De ziekten van mijn zuster en moeder hebben een stempel op mij gedrukt. Ik sloeg hierdoor mijn jeugd over en werd vrij snel volwassen. Achteraf te snel. Hoewel ik in eerste instantie dacht dat ik de ziekte van mijn zuster en moeder goed verwerkt had, bleek dat later toch niet zo te zijn geweest. Ik had de pijn en moeite die ik daarbij ervoer gewoon weggestopt. Het gevolg was dat mijn spontaniteit naar de achtergrond verdween en ik meer gereserveerd en afstandelijk werd.
Ook in mijn geloofsleven heeft vooral de ziekte van mijn moeder best strijd gekost. Ik bad veel voor genezing, die niet kwam. Mensen uit mijn omgeving probeerden daar een verklaring voor te geven, die echter geen verklaring voor mij vormde. Gelukkig heb ik God nooit in de beklaagdenbank gezet, maar ik vind het tot op de dag van vandaag nog steeds moeilijk om voor genezing van zieken te bidden.
Op de lagere school kwam ik er al vrij snel achter dat ik dyslectisch was. In die tijd wist men hier niet zo goed raad mee. Mijn moeder heeft jarenlang bijna elke dag met me gelezen om me hiermee te helpen. Hoewel ik tot op de dag van vandaag de beperkingen van dyslexie ervaar, heb ik het toch een plek kunnen geven en ook de kracht ervan leren uitbuiten. Want mensen met dyslexie zijn beelddenkers en dat vind je terug in mijn onderwijs en preken.
Vanwege mijn beperking kwam ik op de LTS (Lagere Technische School) terecht, waar ik me helemaal niet thuis voelde. Gelukkig waren daar enkele leerkrachten die mij uitdaagden om toch verder te leren. Via de LTS kwam ik uiteindelijk terecht op het Instituut van de Autohandel in Driebergen. (IVA) Daar bloeide ik op en kreeg ik de kans om op mijn eigen denkniveau te studeren. Ook bleek het bezig zijn met mijn hoofd en handen een goede combinatie voor mij te zijn.
Na deze opleiding en een jaar gewerkt te hebben in een garage in Deventer kwam ik in militaire dienst terecht. Daar ontdekte ik dat God mij gaven op het gebied van leiderschap had gegeven. Een oude sergeant gaf me de kans om me daarin te ontwikkelen en leerde me de kracht van coaching en mentoraat zien. Daar ben ik hem nog steeds erg dankbaar voor.

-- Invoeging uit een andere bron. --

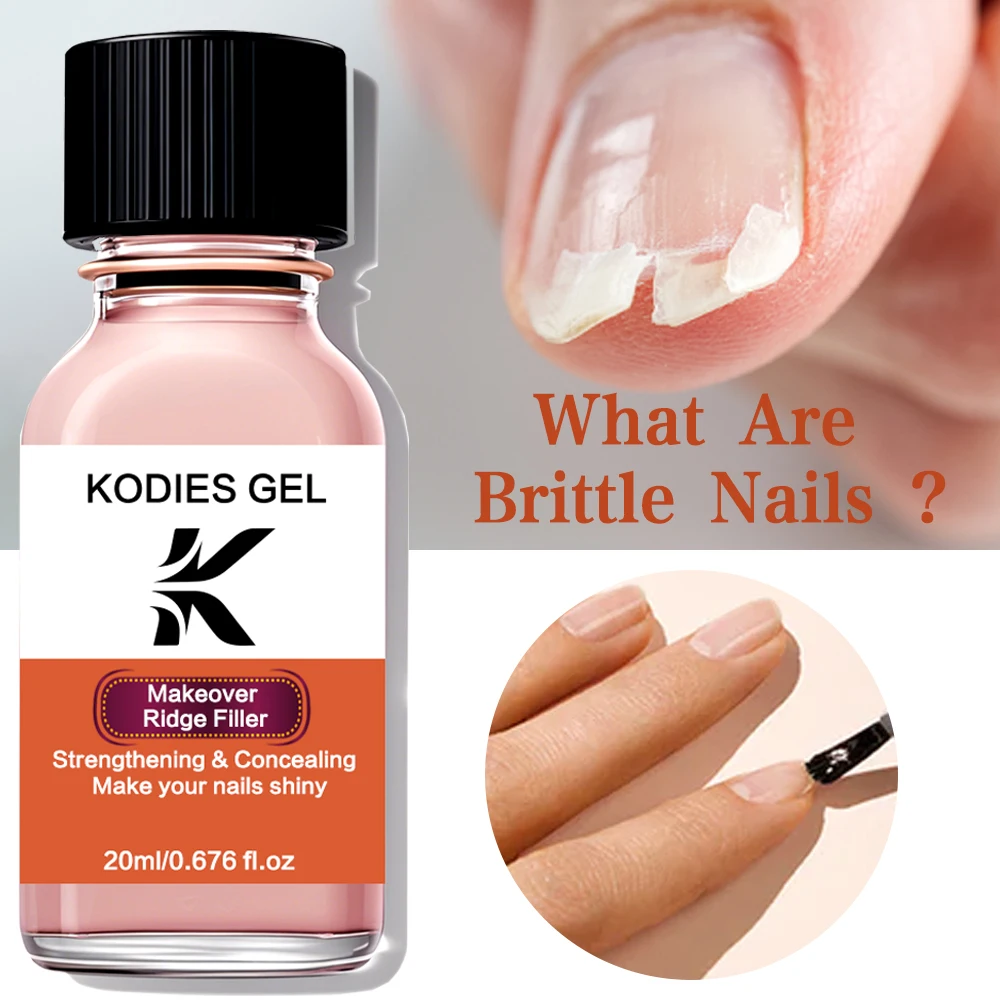 KODIES ジェルピンクネイル Strgenthener メイクオーバーリッジフィラーベースオイルケラチン爪の成長トリートメントポリッシュナチュラルドライリペア爪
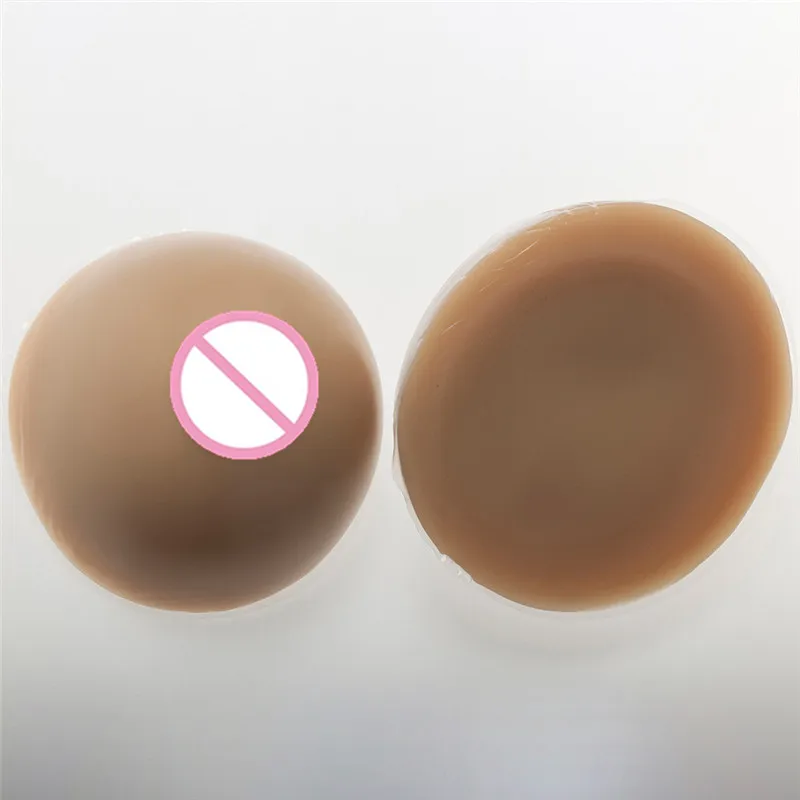 

2000g/pair Cross Dresser Silicone Breast Forms Enhancer Cup FF Circular False Boobs Transgender Fake Breast Brown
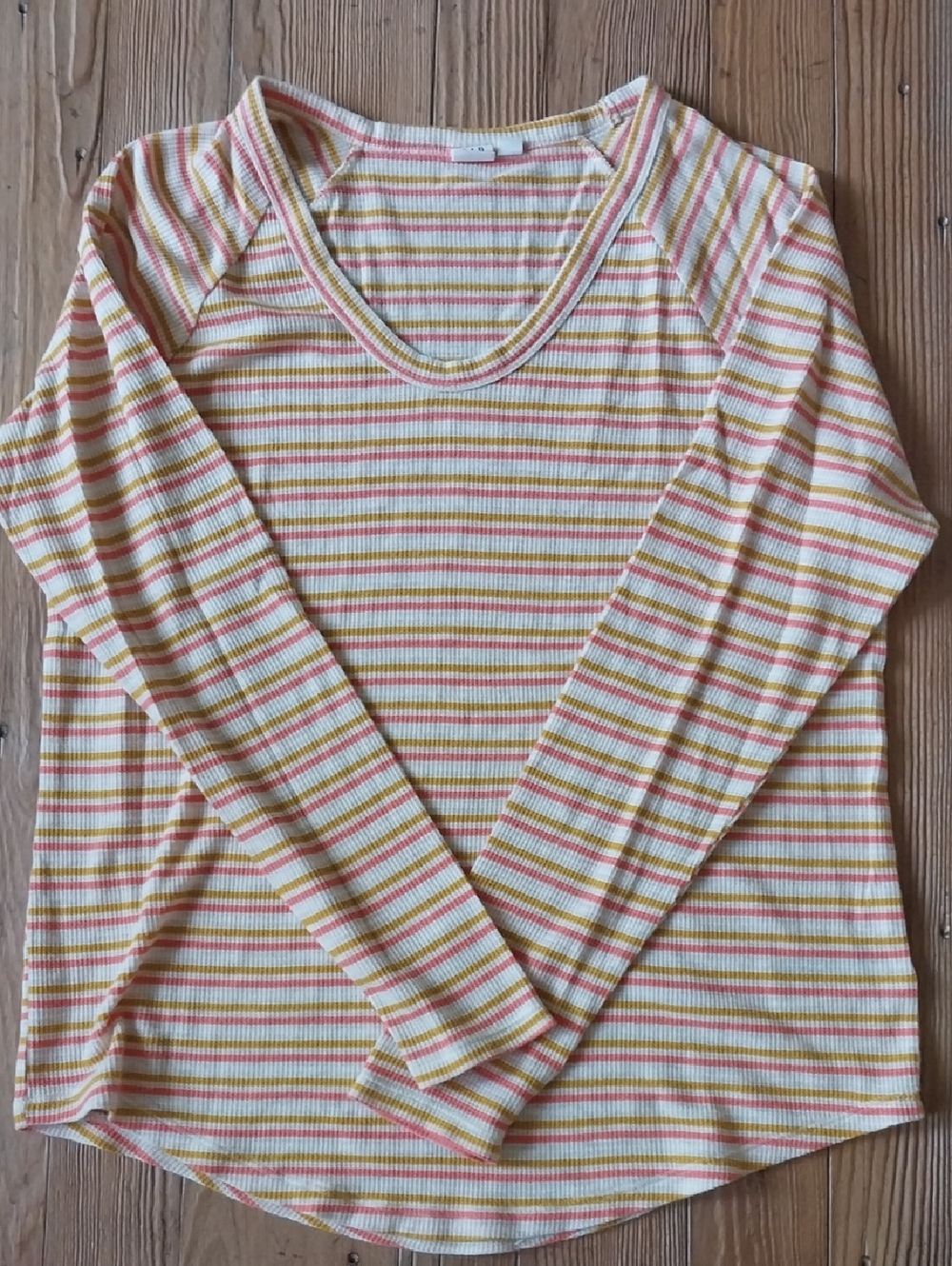 GAP Striped Ribbed Scoop Neck Top in Yellow, Pink & Cream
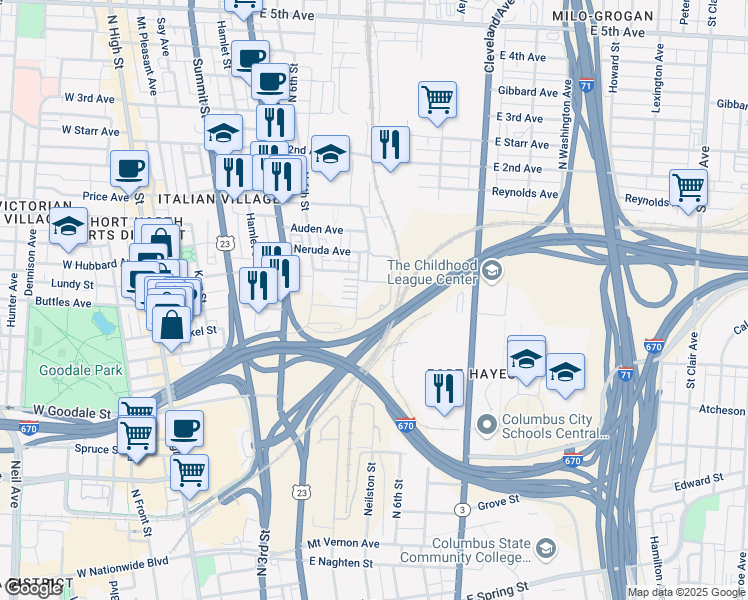 map of restaurants, bars, coffee shops, grocery stores, and more near 736 Civitas Avenue in Columbus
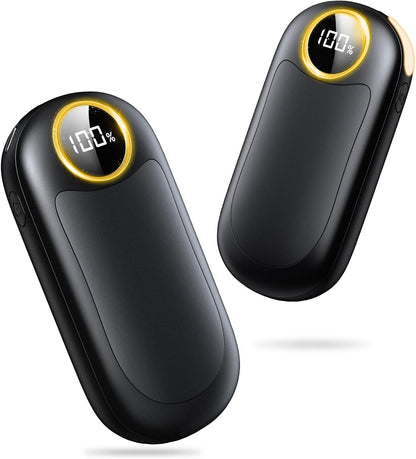 BOIROS Handwärmer Elektrisch, 14000mAh Aufladbar 2er-Set, Beidseitige Wärme bis 55°C, 8 Heizmodi 20 Std Wärme USB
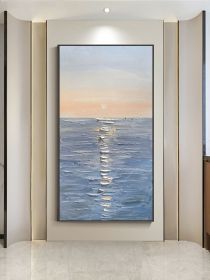 Handmade Canvas Oil Painting Interior Decoration Salon Sea Dawn Modern Art Mural Living Room Bedroom Office Hotel Hanging Poster (size: 50x100cm)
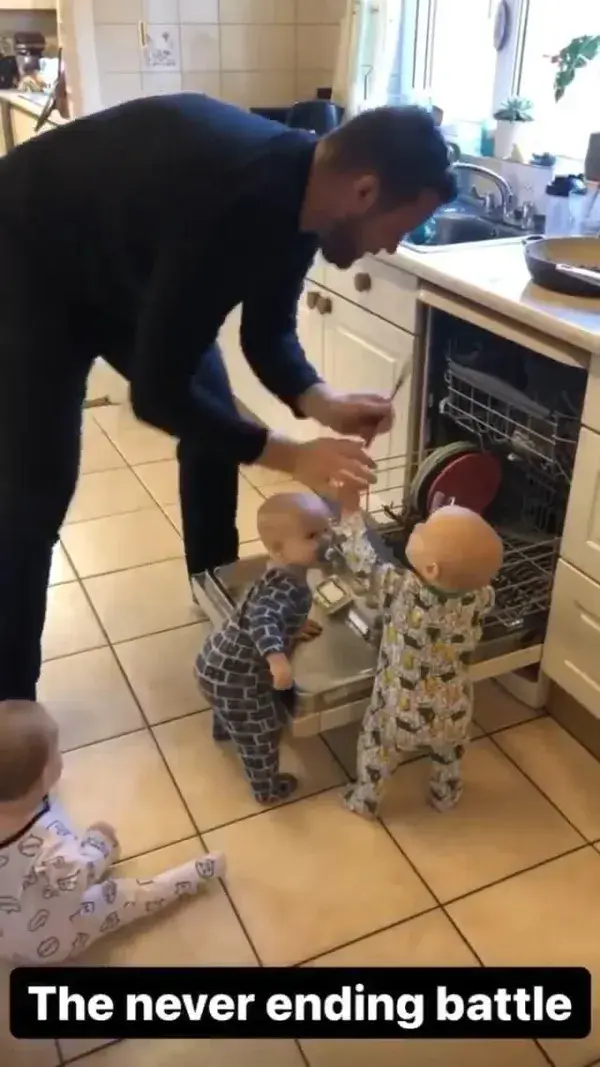 Look how patient dad is with his kids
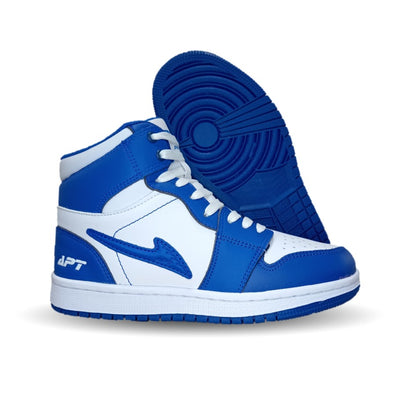 Tenis  Urbano tipo Bota de piel con agujetas Apt 409 Azul Rey/Blanco Unisex para niño, niña, dama y junior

Gedurende mijn studie op de IVA kwam het verlangen om fulltime aan de slag te gaan met het doorgeven van het Evangelie. Het resultaat was dat ik uiteindelijk bij Agapè terechtkwam, waar ik ruim 30 jaar gewerkt heb. In die tijd ontmoette ik Ineke, we trouwden in 1975 en God gaf ons drie prachtige kinderen die inmiddels getrouwd zijn. Alle drie kennen ze met hun partner de Heer, iets waar we erg dankbaar voor zijn.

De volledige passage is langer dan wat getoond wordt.